The records START
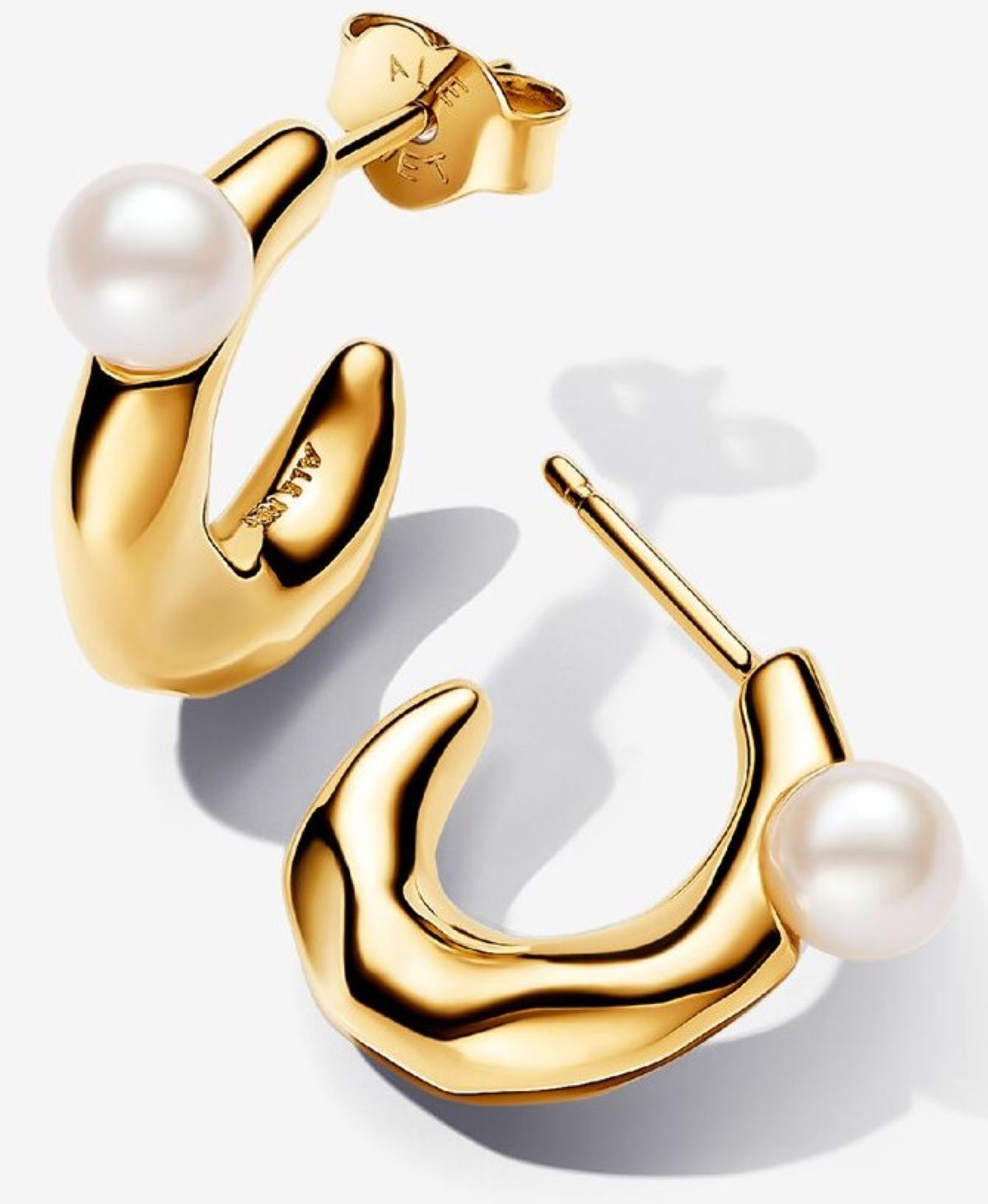 Pendientes de aro forma orgánica y perla cultivada de agua dulce de Pandora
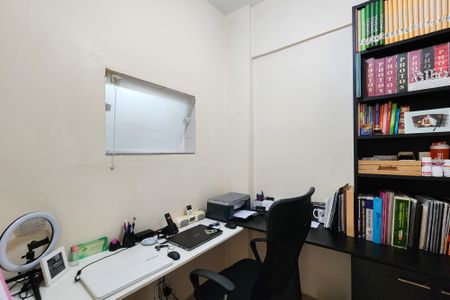 Apartamento à venda com 70m², 2 quartos e sem vaga Apartamento à venda com 70m², 2 quartos e sem vagaEscritório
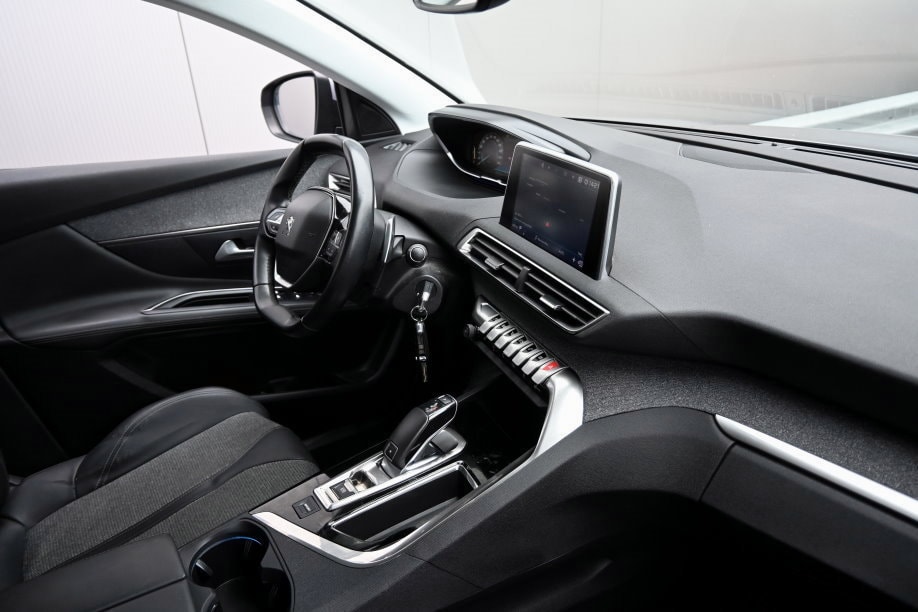 PEUGEOT 3008 1.2 PureTech Allure EAT-image-6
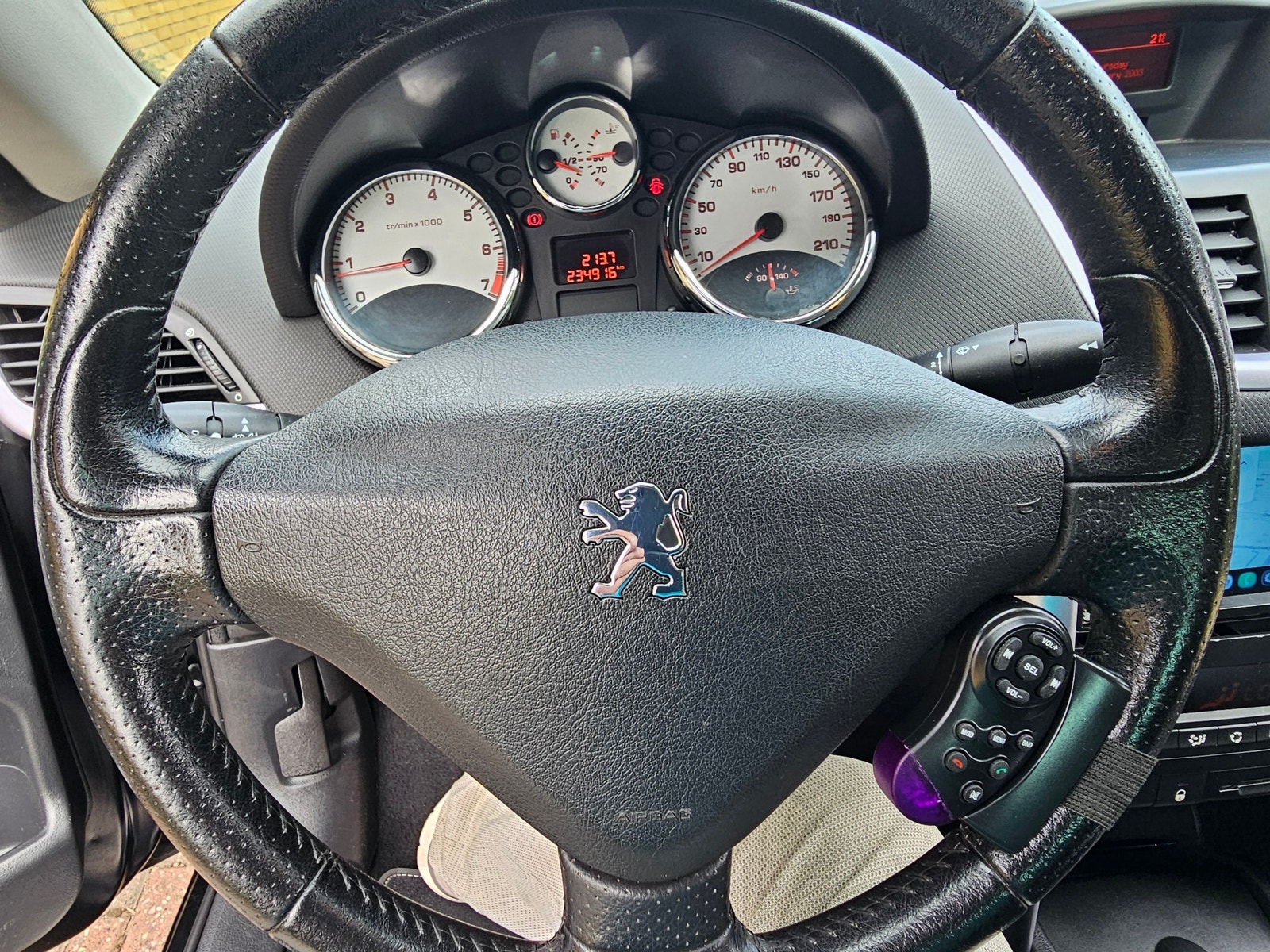 Peugeot 207 CC til salg hos Nabilli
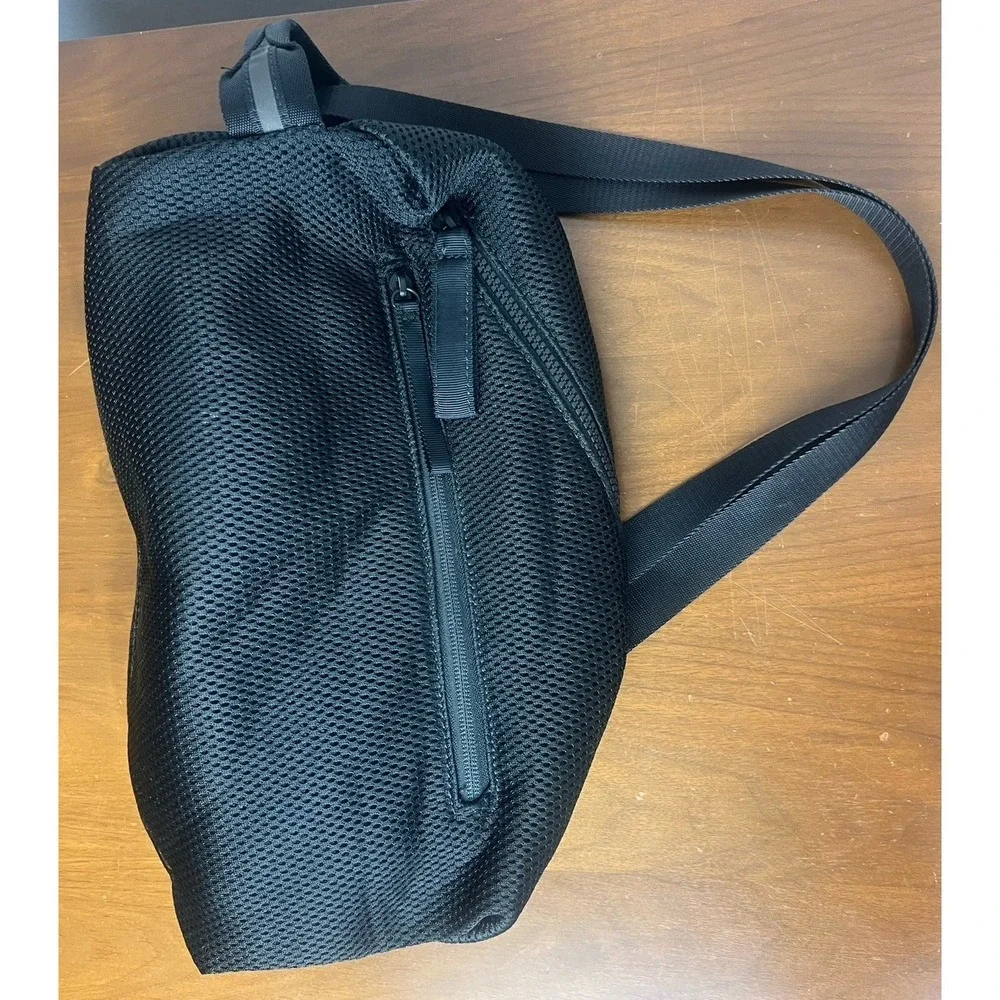 Lululemon Fast‎ Track Bag Black Convertible Backpack Sling Bag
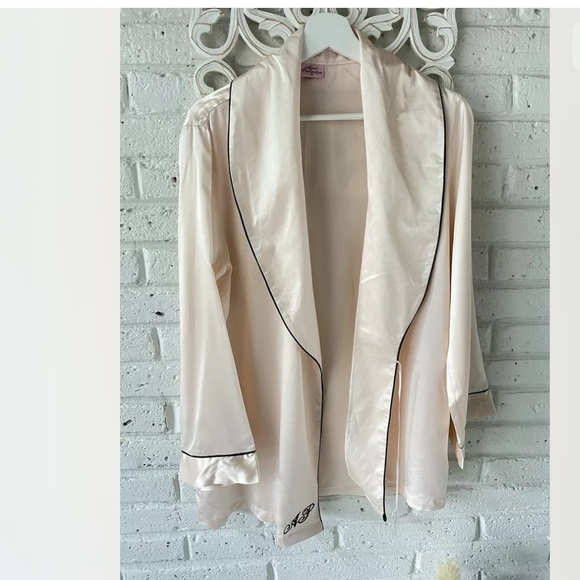 Agent Provocateur Other - Agent Provocateur Classic Wrap PJ Top Silk M-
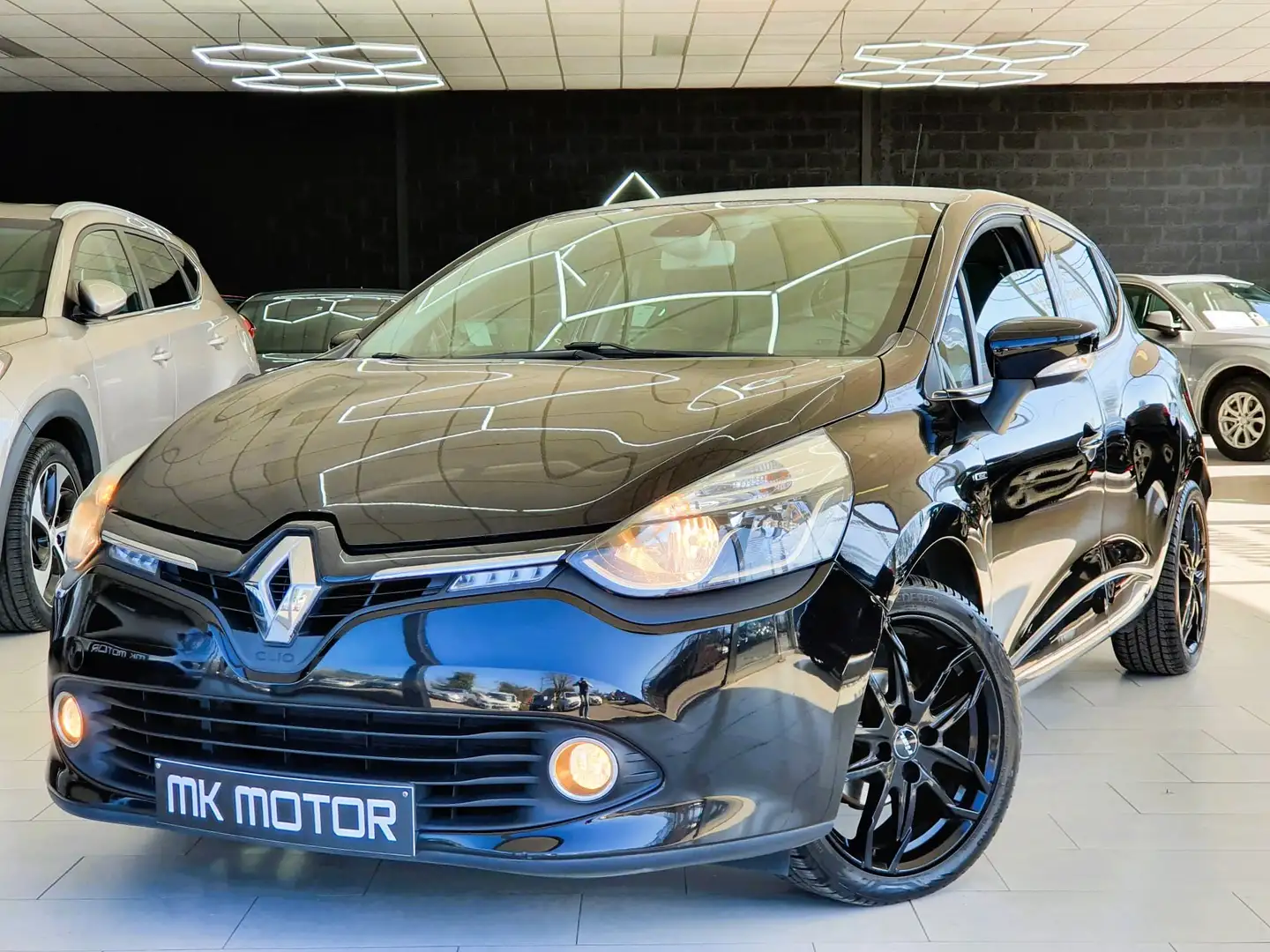Renault Clio 🟢0.9 ESSENCE 90CV - CUIR - GPS - S.CHAUFF Siyah - 1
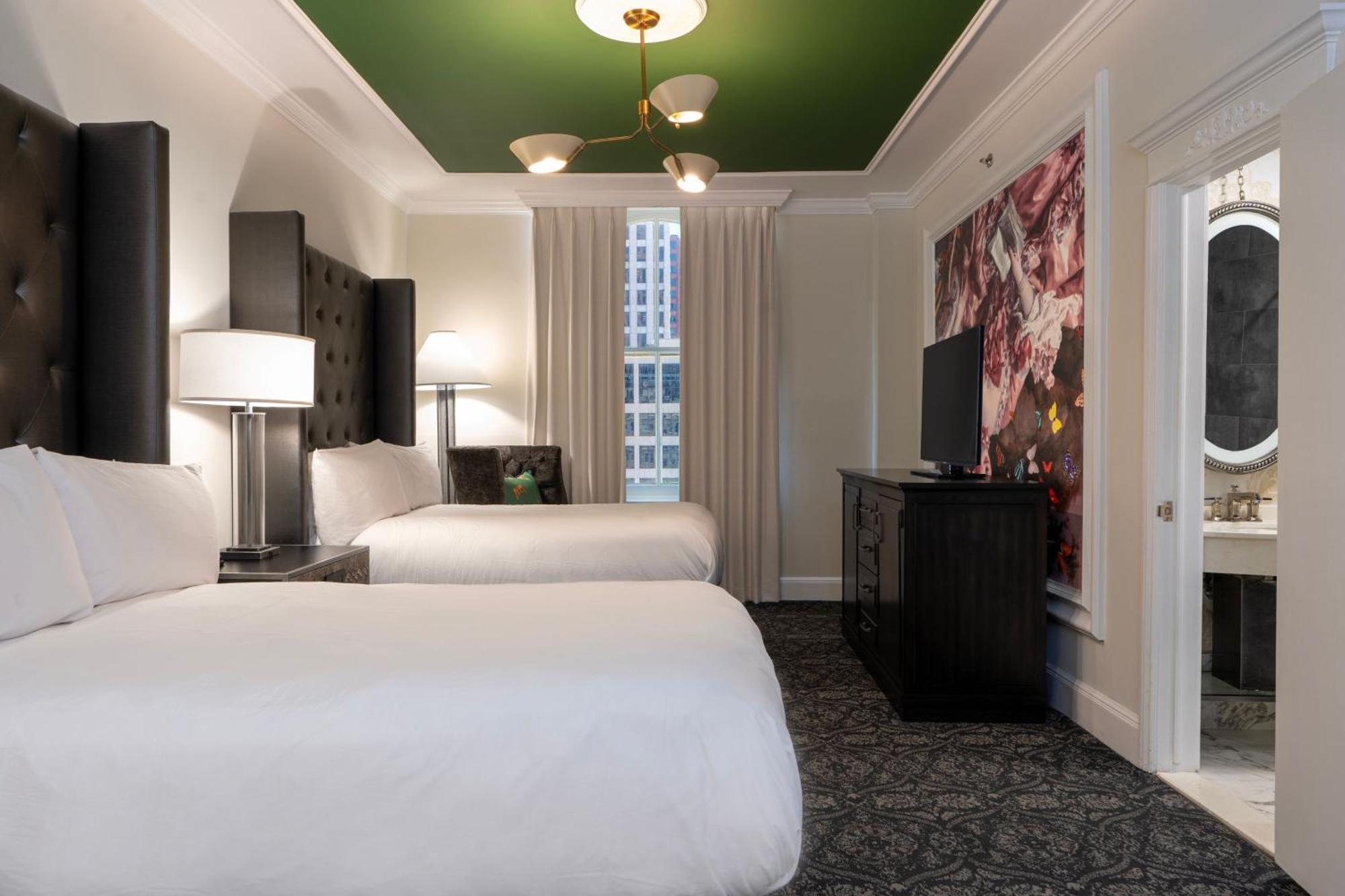 Hotel Le Pavillon, New Orleans, A Tribute Portfolio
The records END
* [Task prompt]: Each record should be given again exactly, with no picture carried over.

* [Response area]:
 Pendientes de aro forma orgánica y perla cultivada de agua dulce de Pandora
 Apartamento à venda com 70m², 2 quartos e sem vaga Apartamento à venda com 70m², 2 quartos e sem vagaEscritório
 PEUGEOT 3008 1.2 PureTech Allure EAT-image-6
 Peugeot 207 CC til salg hos Nabilli
 Lululemon Fast‎ Track Bag Black Convertible Backpack Sling Bag
 Agent Provocateur Other - Agent Provocateur Classic Wrap PJ Top Silk M-
Renault Clio 🟢0.9 ESSENCE 90CV - CUIR - GPS - S.CHAUFF Siyah - 1
 Hotel Le Pavillon, New Orleans, A Tribute Portfolio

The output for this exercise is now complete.